To find the gravitational force of the helicopter on Mars, we can use the following relationship between gravitational force and acceleration due to gravity:
\[ F = m \cdot g \]
Where:
- \( F \) is the gravitational force,
- \( m \) is the mass of the helicopter,
- \( g \) is the acceleration due to gravity.
First, we need to calculate the mass of the helicopter using its weight on Earth:
Given:
- Weight on Earth \( F_{Earth} = 17.65 , N \)
- Acceleration due to gravity on Earth \( g_{Earth} = 9.8 , m/s^2 \)
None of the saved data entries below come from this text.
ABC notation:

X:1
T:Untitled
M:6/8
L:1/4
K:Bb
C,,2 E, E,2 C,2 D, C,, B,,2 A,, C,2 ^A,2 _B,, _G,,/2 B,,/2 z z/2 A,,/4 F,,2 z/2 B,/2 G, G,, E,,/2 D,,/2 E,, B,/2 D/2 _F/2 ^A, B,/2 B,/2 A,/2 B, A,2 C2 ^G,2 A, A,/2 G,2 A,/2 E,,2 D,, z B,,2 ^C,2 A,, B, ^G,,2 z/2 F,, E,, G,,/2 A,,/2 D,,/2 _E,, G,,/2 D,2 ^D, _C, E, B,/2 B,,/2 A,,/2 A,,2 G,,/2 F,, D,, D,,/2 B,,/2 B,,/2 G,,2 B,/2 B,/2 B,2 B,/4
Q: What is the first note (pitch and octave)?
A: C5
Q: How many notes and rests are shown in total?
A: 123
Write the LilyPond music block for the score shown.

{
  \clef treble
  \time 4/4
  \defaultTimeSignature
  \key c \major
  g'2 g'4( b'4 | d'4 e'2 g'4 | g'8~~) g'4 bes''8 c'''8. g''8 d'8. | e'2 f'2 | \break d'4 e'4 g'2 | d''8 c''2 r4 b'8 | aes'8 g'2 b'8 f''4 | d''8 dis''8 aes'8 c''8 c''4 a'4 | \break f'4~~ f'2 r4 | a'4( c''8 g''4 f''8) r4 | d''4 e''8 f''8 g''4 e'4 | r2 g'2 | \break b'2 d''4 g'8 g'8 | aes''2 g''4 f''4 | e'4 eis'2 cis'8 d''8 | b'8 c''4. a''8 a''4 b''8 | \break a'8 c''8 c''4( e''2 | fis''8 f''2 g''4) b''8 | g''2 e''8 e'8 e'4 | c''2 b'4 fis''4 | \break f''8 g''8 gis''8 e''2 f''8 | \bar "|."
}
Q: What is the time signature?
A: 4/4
We can rearrange the formula to solve for the mass:
\[ m = \frac{F_{Earth}}{g_{Earth}} = \frac{17.65 , N}{9.8 , m/s^2} \approx 1.8 , kg \]
Now, we can find the gravitational force on Mars using this mass and the acceleration due to gravity on Mars:
Given:
- Acceleration due to gravity on Mars \( g_{Mars} = 3.71 , m/s^2 \)
Now calculate the weight on Mars:
\[ F_{Mars} = m \cdot g_{Mars} = 1.8 , kg \cdot 3.71 , m/s^2 \approx 6.68 , N \]
Therefore, the gravitational force of the helicopter on Mars is approximately 6.68 N.